◆ **The problem**
Lines from the one containing "Megan Trellis Machine" through the last line of the data are to be returned exactly, both ends included, minus any pictures.

===== Material for the task =====

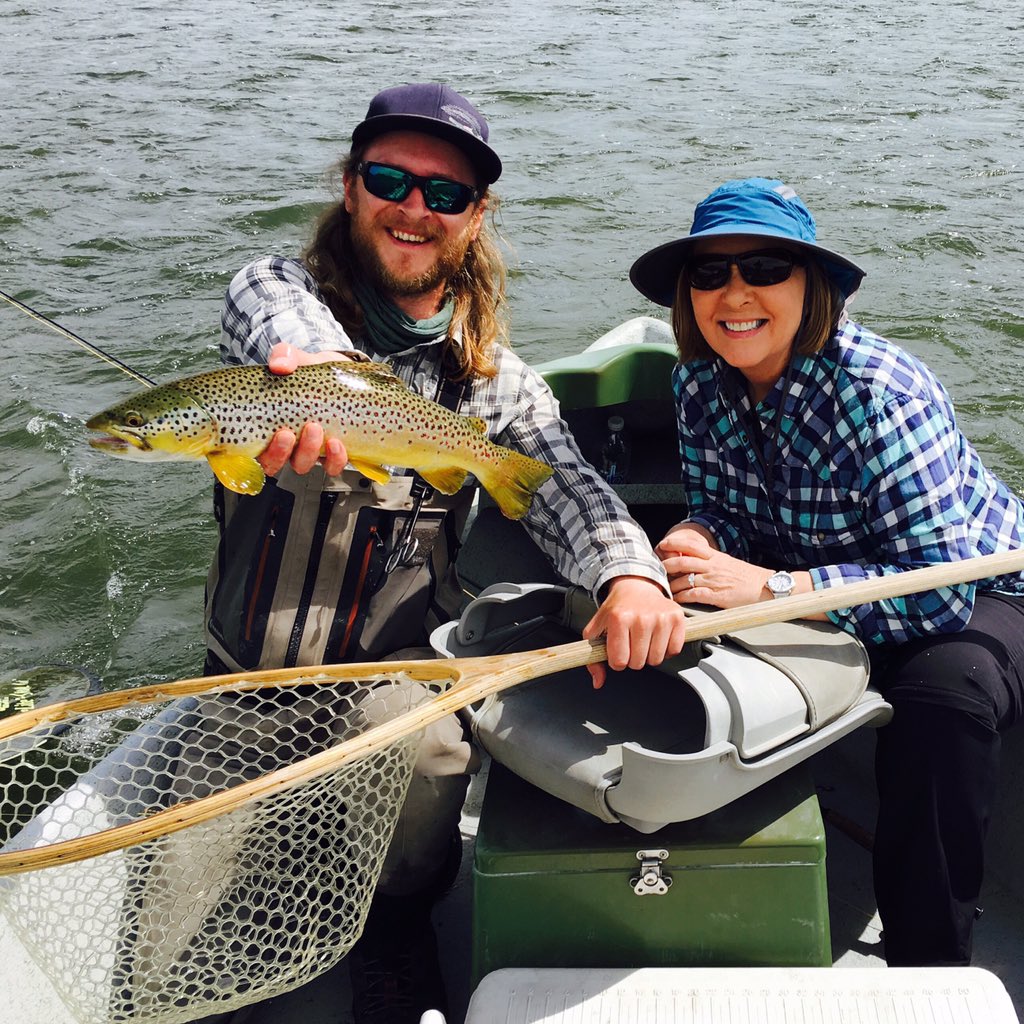 BozemanAngler's tweet photo. First trout on the fly rod for angler Dorothy. We ain't in Kansas any more-sorry that's terrible. #flyfishing https://t.co/5Mmy9FQEYN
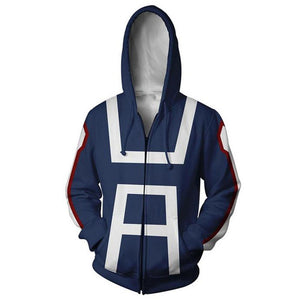 Mens My Hero Academia Printed Zippered Trainning Suit Hoodie Sweatshirt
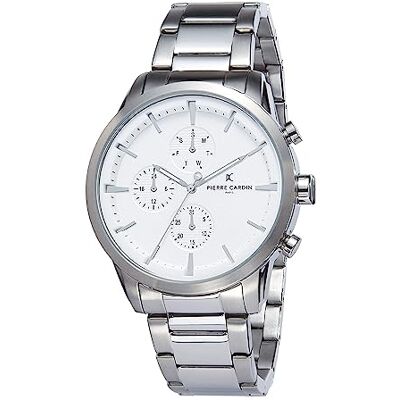 Pierre Cardin Montre Homme Multi-Cadrans Quartz La Gloire Champeret, Argent/Blanc, bracelet Pierre Cardin Montre Homme Multi-Cadrans Quartz La Gloire Champeret, Argent/Blanc, bracelet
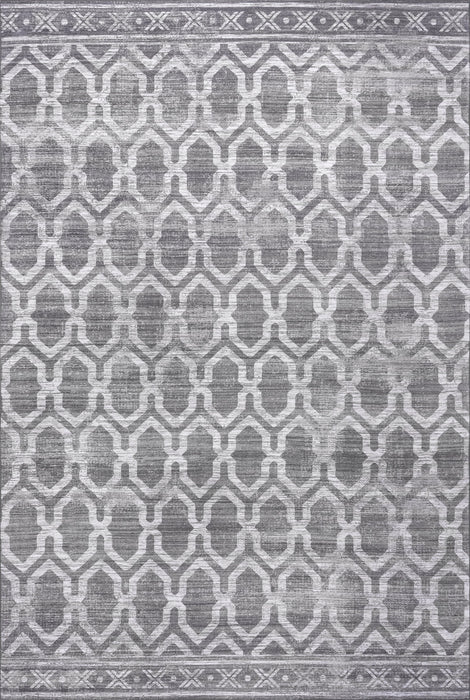 Megan Trellis Machine Washable Indoor Outdoor Area Rug Grey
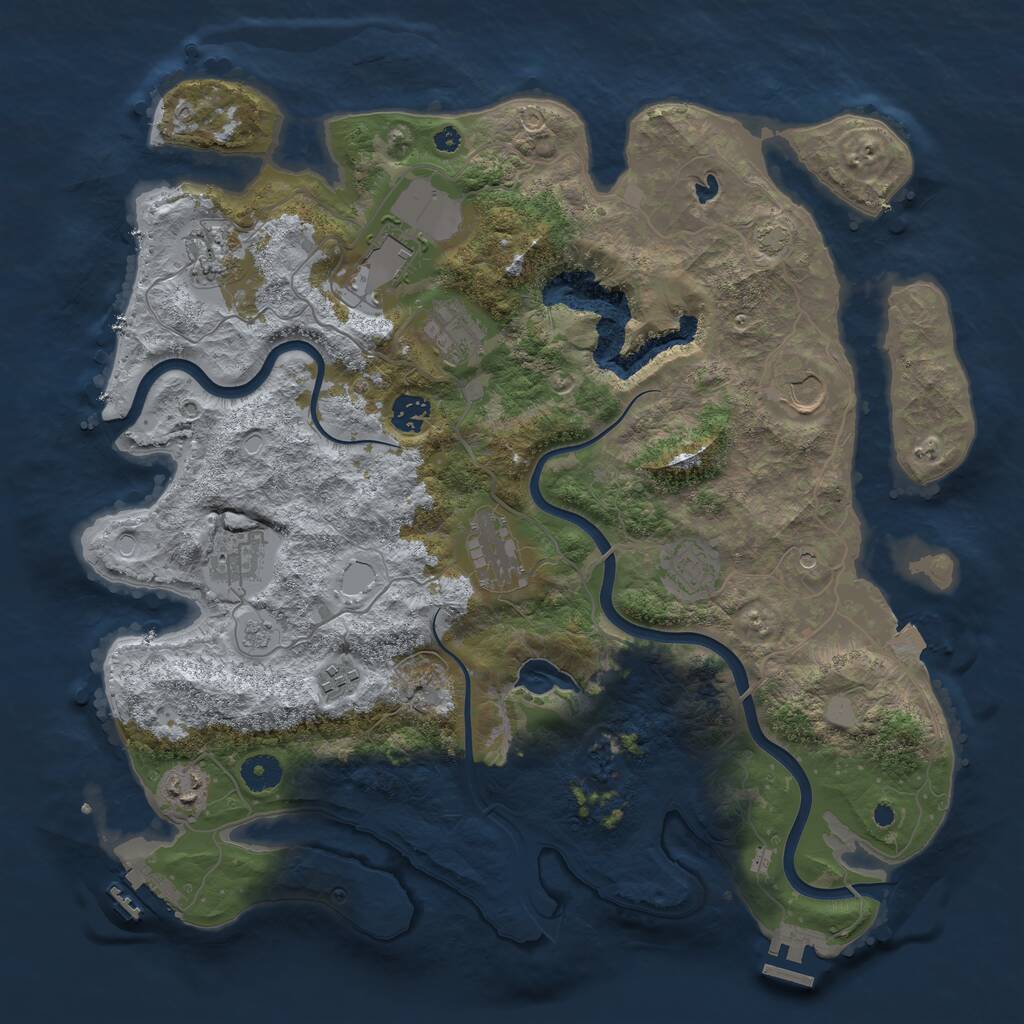 Rust Map: Procedural Map, Size: 4000, Seed: 3810, 16 Monuments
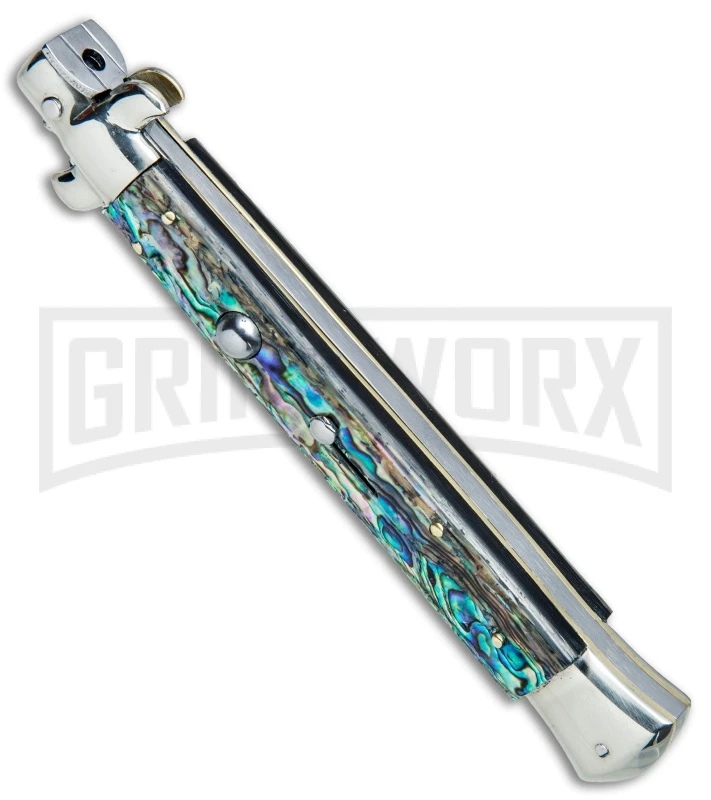 AGA Campolin 11" 2017 Italian Picklock Abalone Automatic Knife - Bayonet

=====

◆ **Exercise result**
 Megan Trellis Machine Washable Indoor Outdoor Area Rug Grey
 Rust Map: Procedural Map, Size: 4000, Seed: 3810, 16 Monuments
 AGA Campolin 11" 2017 Italian Picklock Abalone Automatic Knife - Bayonet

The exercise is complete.